As part of a Dell Axim PDA bundle, I came into possession of this curious Dell Navteq BT-332 Bluetooth GPS Receiver that I’m planning to use with an offline OSM app on a laptop (something normally without a location sensor).

Before phones and other devices integrated location sensors the common setup was having an external GPS receiver that would process and relay location data via Bluetooth or physically connected serial (RS-232) port. Many manufacturers created devices in this space and this market was prolific in the early to mid 2000s.

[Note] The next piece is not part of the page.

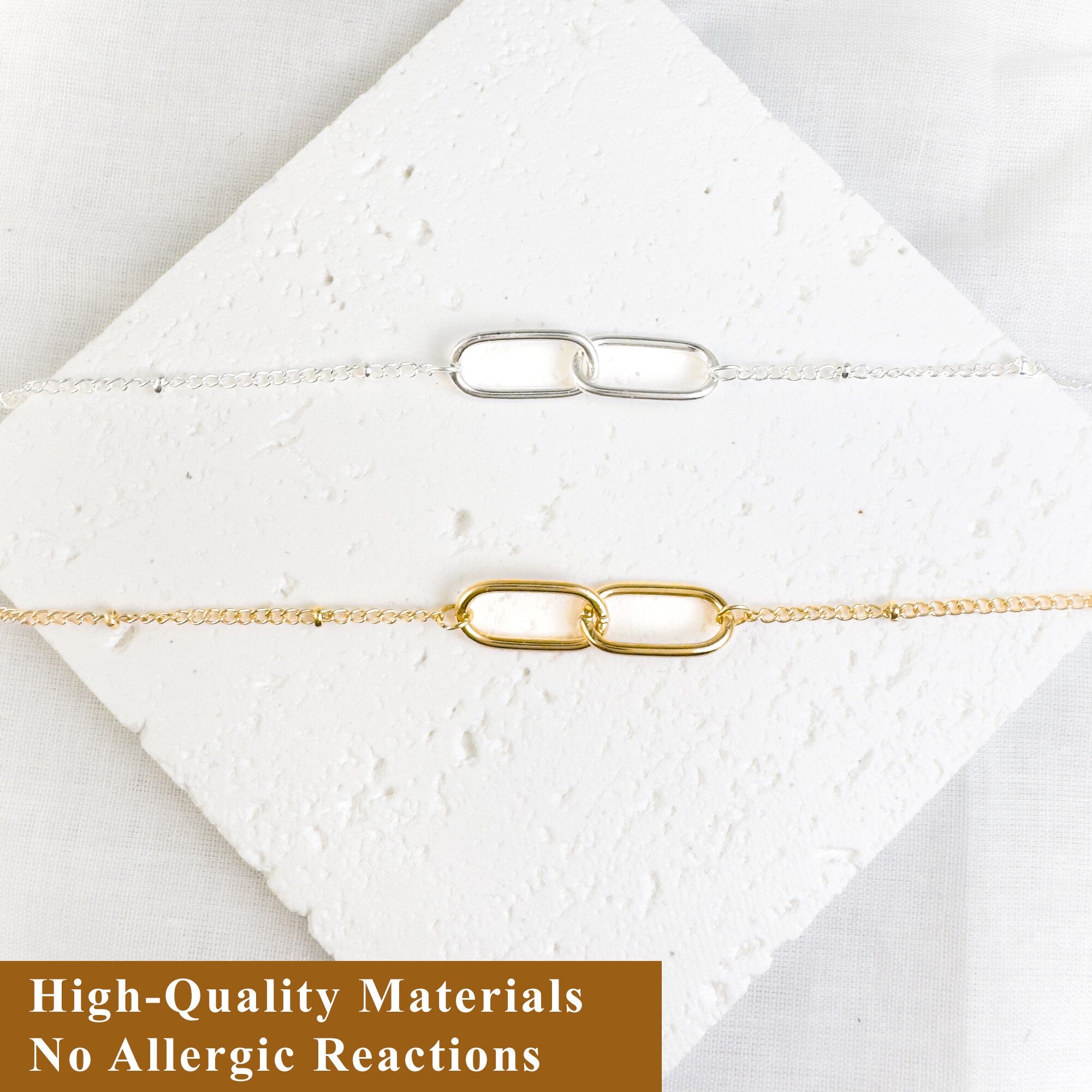 Linked Sterling Silver Pendant Necklace: Interlocking Circle Necklace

Queries to a Bluetooth Serial Port device

# Find all TTY devices on MacOS
ls -l /dev/tty.*

# Our specific Dell Navteq device
ls -l /dev/tty.BT-GPS-33BA81-BT-GPSCOM

# Use a terminal emulator to read TTY messages from the device file
screen /dev/tty.BT-GPS-33BA81-BT-GPSCOM 38400

Device output data details

Message formats and types

  • $GPRMC
    • V = void means that a GPS fix has not been established (not enough GPS satellites to get a location)
    • Lat = ddmm.mmm (0-90 deg)
    • Lng = dddmm.mmm (0-180 deg)
    • Ground speed in knots (1 knot = 1.852 km/h)
  • $GPGSV
    • SV Satellite information
  • $GPGGA
    • GPS time, position, and fix related data

Sample data from screen

$GPRMC,000617.061,V,,,,,,,110905,,*24                           <<<< indicates a GPS fix was not yet found 

GPS Bluetooth SPP Parser

I ended up writing a NMEA parser for NodeJS which is able to connect to and consume data from this GPS module. See my GitHub repo gps-bt-serial for details.